El primer paralelismo que encuentro entre la experiencia shamánica (quede claro que de aquí en más englobaré bajo este nombre un abanico muy amplio de experiencias y realizadores, donde categorizaré, sólo a título de simplificar, como “shamán” desde un Alce Negro hasta un San José de Cupertino) es la suspensión de la incredulidad. Durante la experiencia, los testigos de OVNIs aceptan como cosa común y corriente no sólo características de la aparición que resultarían chocantes con otra perspectiva, sino ciertas anécdotas que, devenidas dentro del episodio, no les llaman la atención: relojes que en sus muñecas corren “al revés”, falta de sombras o capacidad de hacer pasar cosas sólidas a través de otras son en ese contexto aceptadas como “normales”, aunque fuera de la experiencia llamen poderosamente la atención. Tomando en cuenta el arquetípico Miedo a lo Desconocido, tan propio del ser humano, experiencias que deberían ser psicológicamente terribles para cualquiera son aceptadas emocionalmente sin dificultad por los protagonistas. Aquí me pregunto si no estamos frente a otra conexión entre Parapsicología y Ovnilogía: la dicotomía “corderos” versus “cabras”.

 

Cuando la credulidad es una destreza

Fue el padre de la Parapsicología científica contemporánea, el biólogo norteamericano Joseph Banks Rhine quien allá en los años ’50 llevó a cabo una serie de experimentos muy interesantes. Separó un grupo de estudiantes universitarios según su actitud frente a lo paranormal: a los “creyentes”, los denominó “corderos”; a los escépticos, “cabras”. Y sometió ambos grupos a sus matemáticos y confiables tests de percepción extrasensorial. El resultado fue por demás sugestivo: sin posibilidad de subjetividad en la interpretación ni de proyección de creencias previas, definitivamente los “creyentes” obtuvieron, siempre, porcentajes de aciertos muy por encima del azar, mientras que las “cabras” rara vez alcanzaron ese piso. La conclusión era obvia: las creencias –diríamos, la emocionalidad- es como una espita que permite u obstruye la manifestación de fenómenos Psi. En consecuencia, proyectando estas conclusiones al terreno de los OVNIs, podemos afirmar que el hecho que los “creyentes” protagonicen más fenómenos que aquél incrédulo que sostiene gozoso que “nunca vio nada raro”, no se debe a actitudes pseudoalucinatorias del primero sino a un desenvolvimiento particular de las categorías descriptas de perceptores. En consecuencia, reconocemos aquí una parte de la mente del perceptor que actúa, ora como sintonizador, ora como perceptor, ora como amortiguador, ajeno a la conciencia del Ego. Un “yo” –en singular para diferenciarlo, por el momento, del Yo como Conciencia del Sí Mismo- que nos pone en contacto con el fenómeno, facilita su percepción –ajena a otras personas circunstanciales; no es, por tanto, la percepción física ordinaria- pero al mismo tiempo salvaguarda del efecto traumático del choque cultural que significaría darle ingreso a nuestra historia vivencial sin ”ajustarlo”.

 

Más acá de la mente

Es muy común –exageradamente común- leer con distinta suerte todo tipo de comentarios respecto a los “ilimitados” poderes de la mente, las maravillas de que es capaz (y que ignoramos) y sus sorprendentes recursos. Y sin menoscabar todo ello –no sería, por obvias razones, justamente yo quien lo haría- creo que es necesario en honor a la verdad poner ciertos límites y enmarcar dentro del sentido común algunas apreciaciones, por lo menos aquellas atinentes a las cuestiones que estamos abordando aquí.

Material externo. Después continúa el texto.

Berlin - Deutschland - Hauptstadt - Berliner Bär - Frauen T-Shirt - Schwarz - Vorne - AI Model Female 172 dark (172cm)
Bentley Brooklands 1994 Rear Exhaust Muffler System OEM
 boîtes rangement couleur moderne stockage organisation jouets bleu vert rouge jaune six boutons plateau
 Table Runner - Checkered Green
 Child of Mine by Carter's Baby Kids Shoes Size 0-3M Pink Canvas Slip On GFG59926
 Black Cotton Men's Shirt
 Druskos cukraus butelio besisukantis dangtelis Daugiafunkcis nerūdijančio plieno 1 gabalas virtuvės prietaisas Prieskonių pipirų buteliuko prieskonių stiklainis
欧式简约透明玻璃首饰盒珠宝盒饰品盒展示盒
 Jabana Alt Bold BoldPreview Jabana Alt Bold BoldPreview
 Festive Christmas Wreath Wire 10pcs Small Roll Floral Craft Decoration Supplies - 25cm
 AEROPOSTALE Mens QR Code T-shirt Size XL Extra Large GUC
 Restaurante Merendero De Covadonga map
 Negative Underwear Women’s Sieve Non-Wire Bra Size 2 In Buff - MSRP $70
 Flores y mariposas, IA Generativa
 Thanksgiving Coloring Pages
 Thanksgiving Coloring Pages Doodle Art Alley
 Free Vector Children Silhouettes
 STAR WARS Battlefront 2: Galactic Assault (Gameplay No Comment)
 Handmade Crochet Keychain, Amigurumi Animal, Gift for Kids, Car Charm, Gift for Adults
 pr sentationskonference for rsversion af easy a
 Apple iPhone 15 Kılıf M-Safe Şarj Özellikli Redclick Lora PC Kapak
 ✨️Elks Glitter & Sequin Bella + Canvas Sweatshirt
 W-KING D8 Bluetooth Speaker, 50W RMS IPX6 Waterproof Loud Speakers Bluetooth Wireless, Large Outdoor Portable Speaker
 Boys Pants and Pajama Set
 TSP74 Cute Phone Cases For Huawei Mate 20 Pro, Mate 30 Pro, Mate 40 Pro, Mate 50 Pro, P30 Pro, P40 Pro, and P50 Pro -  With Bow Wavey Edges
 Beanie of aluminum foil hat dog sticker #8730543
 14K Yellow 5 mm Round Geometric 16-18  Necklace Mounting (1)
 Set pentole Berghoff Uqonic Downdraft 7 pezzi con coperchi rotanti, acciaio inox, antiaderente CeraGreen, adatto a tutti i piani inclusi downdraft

Porque creo que se exagera gratuitamente la presunción de que cualquier evento “extraño” que un individuo protagonice puede ser atribuido a la mente, como si ésta fuera una galera de prestidigitador, como si por arte de birlibirloque la misma fuera capaz de las más extrañas evocaciones, mediante las cuales creemos poder reducir todo hecho insólito a la difusa categoría de “alucinación” o “visión” sin más preocupación, y sin, por lo visto, la sana reflexión respecto de si la mente ha sido después de todo realmente capaz de producir aquello que le atribuímos.

Rostros desconocidos acuden a mi mente durante un sueño, o en estado de “alucinación hipnagógica “ –la que ocurre cuando estamos por quedarnos dormidos- o “hipnopómpica” –la que acude apenas nos despertamos. Nos consolamos diciéndonos que, seguramente, es “una creación de mi mente”, por lo tanto falsa e ilusoria, y no le damos más importancia, seguros que nuestra mente nos ha jugado una mala pasada y que esos personajes no “existen”, en ningún plano de existencia del que estemos hablando. O soñamos que nos paseamos por una casa que sabemos que es “nuestra” casa, pero no se parece en lo más mínimo a la “real”, o visitamos una ciudad que, aunque reconocemos, no aparenta ser como sabemos en vigilia que es. Y nos despertamos, musitamos algo así como “pero qué cosas raras hace la mente” y pasamos a ocuparnos de tareas más terrestres. Y se nos acaba de escapar algo fundamental.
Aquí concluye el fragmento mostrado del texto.